(Scraped caption text data)
^^^^

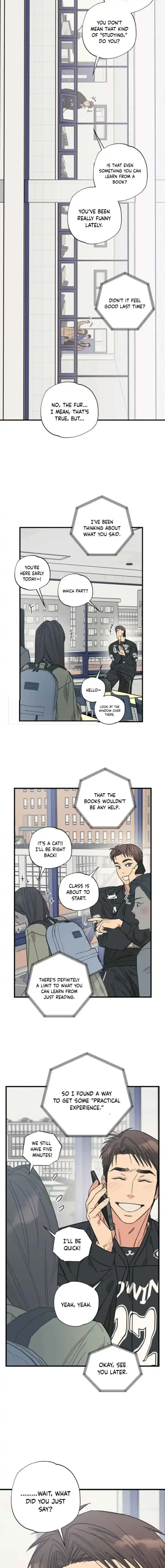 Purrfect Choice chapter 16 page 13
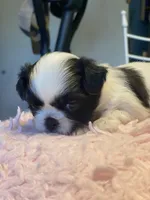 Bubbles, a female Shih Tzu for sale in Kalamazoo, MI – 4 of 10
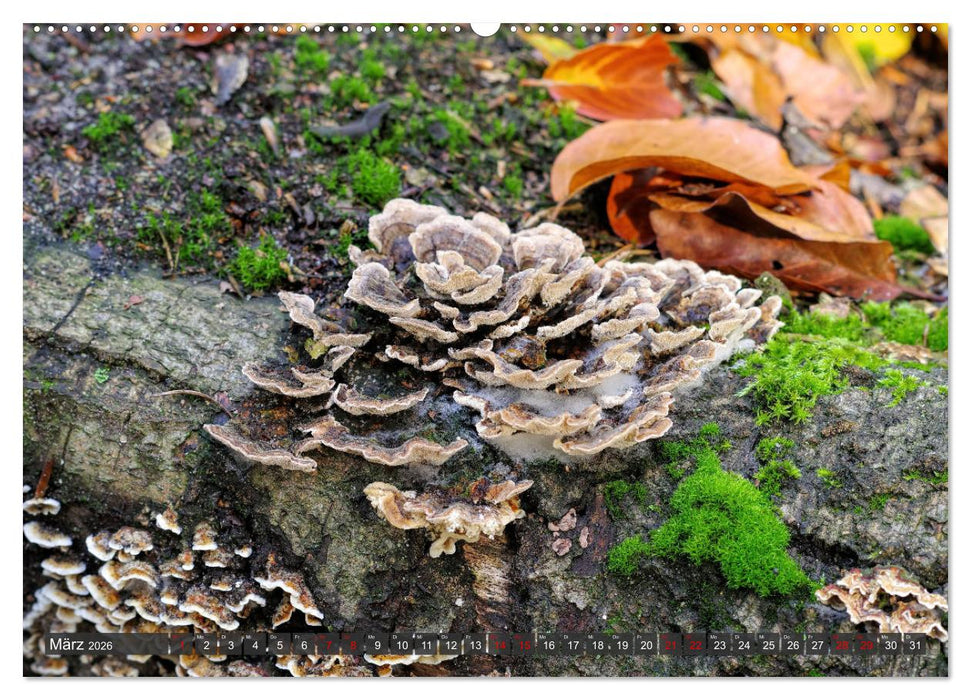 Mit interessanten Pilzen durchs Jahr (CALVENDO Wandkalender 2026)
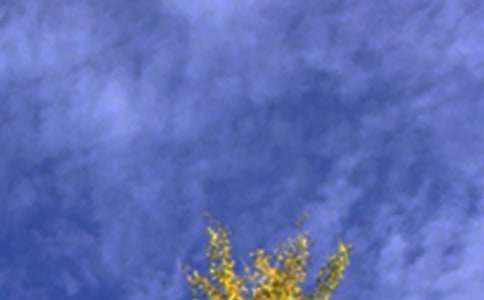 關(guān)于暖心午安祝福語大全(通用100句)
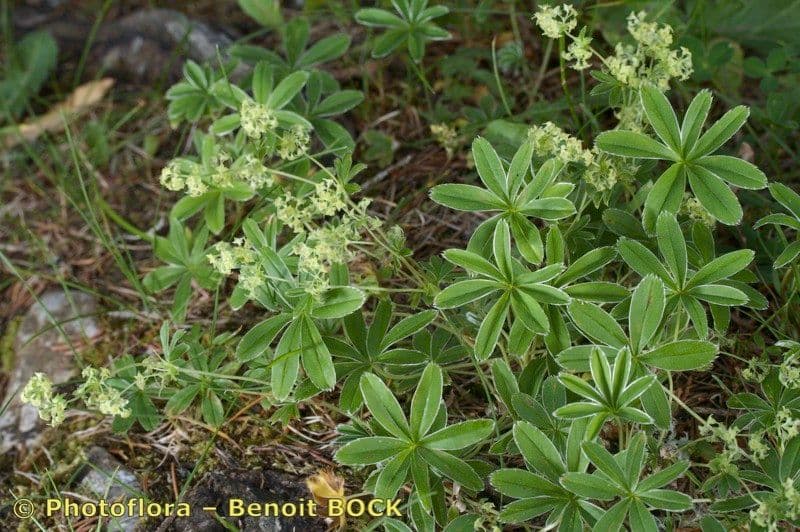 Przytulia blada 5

^^^^

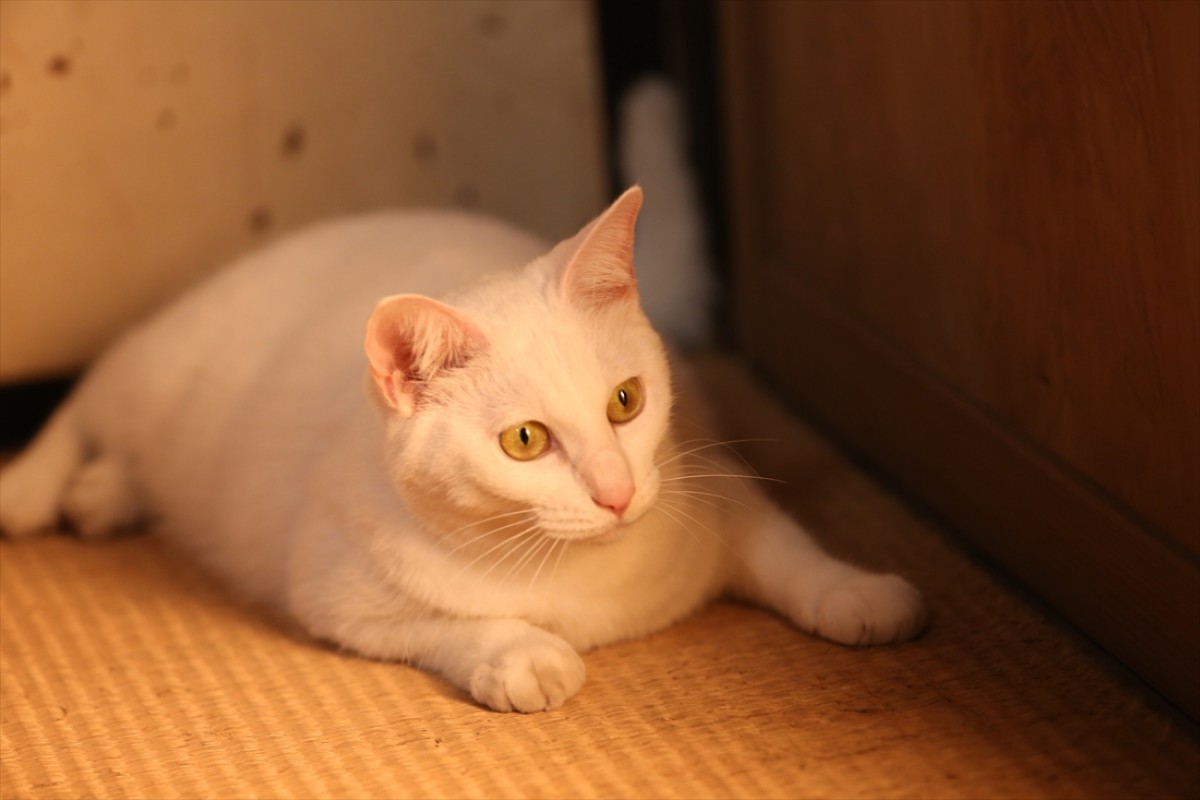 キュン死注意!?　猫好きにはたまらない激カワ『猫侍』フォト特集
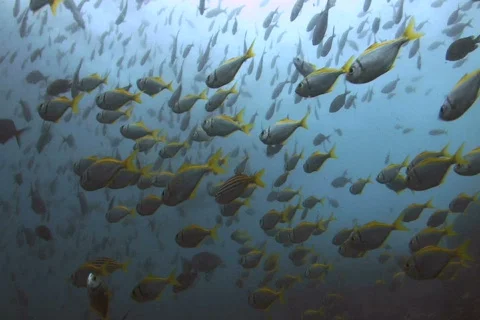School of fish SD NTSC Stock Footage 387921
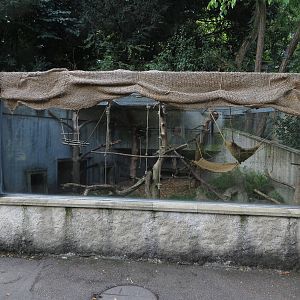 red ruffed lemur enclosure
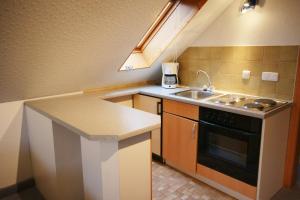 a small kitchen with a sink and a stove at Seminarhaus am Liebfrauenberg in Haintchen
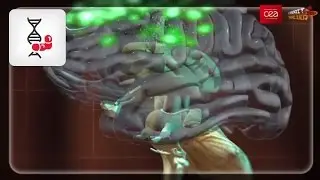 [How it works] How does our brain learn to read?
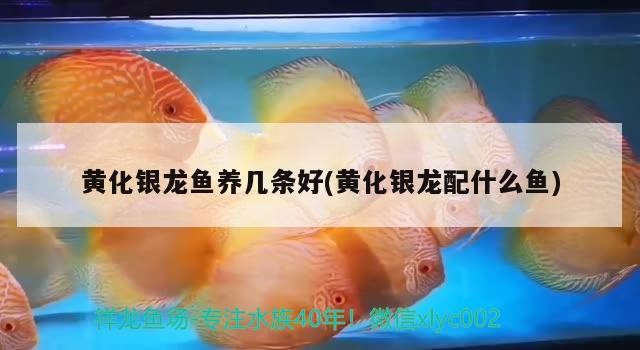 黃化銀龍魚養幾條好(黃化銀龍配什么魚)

^^^^

### [Instructions for the task]
Write back word for word every line in the entries above from the one with "a small kitchen" to the one with "黃化銀龍魚養幾條好(黃化銀龍配什么魚)", ends included, and none of the pictures.

### [Task answer]
 a small kitchen with a sink and a stove at Seminarhaus am Liebfrauenberg in Haintchen
 [How it works] How does our brain learn to read?
 黃化銀龍魚養幾條好(黃化銀龍配什么魚)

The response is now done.